|Description:||New auditorium at the Adelphi, 1848. The general supervision of the work was credited to the Adelphi business manager, Charles Manby. Thomas Henry Wyatt’s younger brother, Matthew Digby Wyatt was responsible for the decorative design. The auditorium contained two circles with straightened horseshoe parapets. French Rococo themes were a major motif. There was a saucer-shaped dome from which hung a great chandelier. Crimson predominated in the warm coloring of the auditorium.
|1st Performance:||Sep 27, 1848
|Source:||The Illustrated London News, Oct 7, 1848, p. 224
|See Source:||Go to Source Images (1.7 MB)
|Review:||The Illustrated London News, Oct 7, 1848, p. 224
THE ADELPHI THEATRE.
Our earliest recollection of this popular place of Amusement is as the Sans Pareil, in
the rear of the colour-shop of its proprietor in the Strand, and whose clever daughter was
the star of the theatrical company. With materials so close at hand, the little theatre
should have had some advantage of decoration; though, if we remember rightly, it was a sadly
bedizened affair, lit by gloomy oil-lamps and redolent of less agreeable odours than oil and
orange-peel, the conventional fragrance of theatrical parterres.

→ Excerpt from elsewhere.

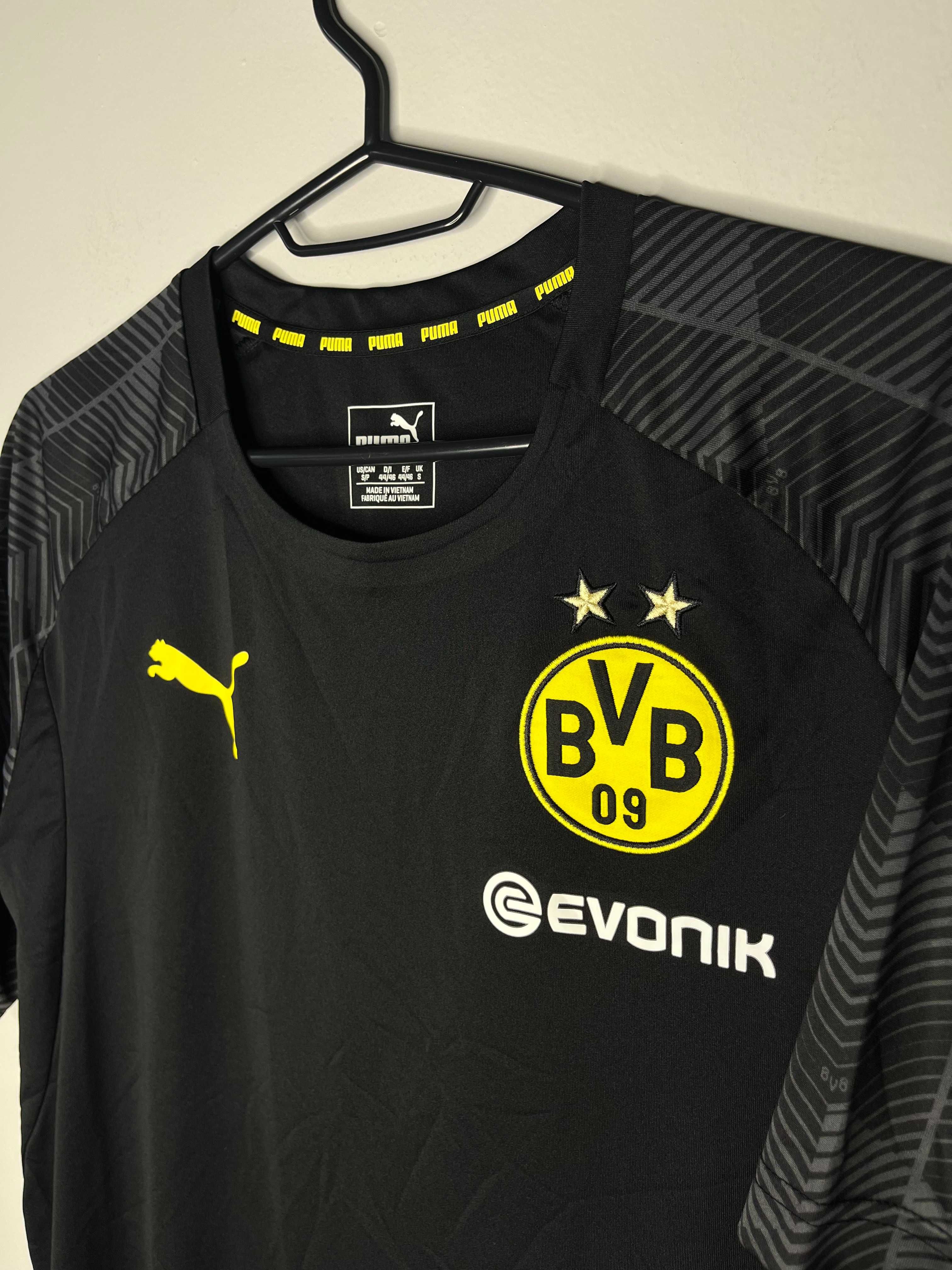 Puma x Borussia Dortmund 2018/2019 Training Jersey Мъжка Тениска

But the pursy old proprietor has long passed away; gas has superseded oil illumination; and
with a better class of performance has come an improved style of decoration. The last
re-embellishment of the Adelphi was certainly an improvement upon its predecessor; the ornaments
were less provincial than heretofore; the flat celling was raised into a dome, "fretted
with golden fires," and a curtain was added very like the covers of Mr. Newbery's children's
books. Thus far the decoration was good;
but the old ups-and-downs, the cabined lobbies, the primitive staircases, and similar discomforts,
were still there. The organic change remained to be made, by which additional convenience
might be gained, with a higher style of decoration; and this, we are happy to say, has just been
accomplished in the redecoration and partial reconstruction of the approaches. The staircases
are now of slate; the seats in the dress circle are provided with backs; and several minor comforts have been added.

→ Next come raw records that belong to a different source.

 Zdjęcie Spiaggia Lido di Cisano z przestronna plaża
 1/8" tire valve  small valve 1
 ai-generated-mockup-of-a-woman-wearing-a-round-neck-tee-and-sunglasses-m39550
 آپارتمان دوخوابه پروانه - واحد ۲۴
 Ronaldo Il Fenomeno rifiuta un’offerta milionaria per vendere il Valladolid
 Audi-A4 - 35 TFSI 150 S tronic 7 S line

In the auditory, a very graceful and elegant style of ornament has been adopted prominently in the
fronts of the boxes and the ceiling; and there is much gaiety in the wreathing of the supports with
flowers. The proscenium boxes are hung with muslin draperies, and surmounted with burnished
medallions, which reflect with great brilliancy the light from the central chandelier. The
dome in the roof is retained, but now resembles trellis-work, which is agreeably effective.
Least there should, however, be an unseasonable lightness in all this, the linings and furniture of the
boxes are deep crimson. A drop scene has also been painted.
The general alterations have been designed and superintended by Mr. Charles Manby; and the decorations
have been designed by Mr. Digby Wyatt, architect, and executed by Mr. Sang. They are very sparkling
and tasteful throughout.
We have engraved the newly-decorated auditory, in which the public already find themselves at home
in as large numbers as of old. The enlargements and re-constructions behind the curtain are also
extensive and must largely contribute to the gratification of those before it.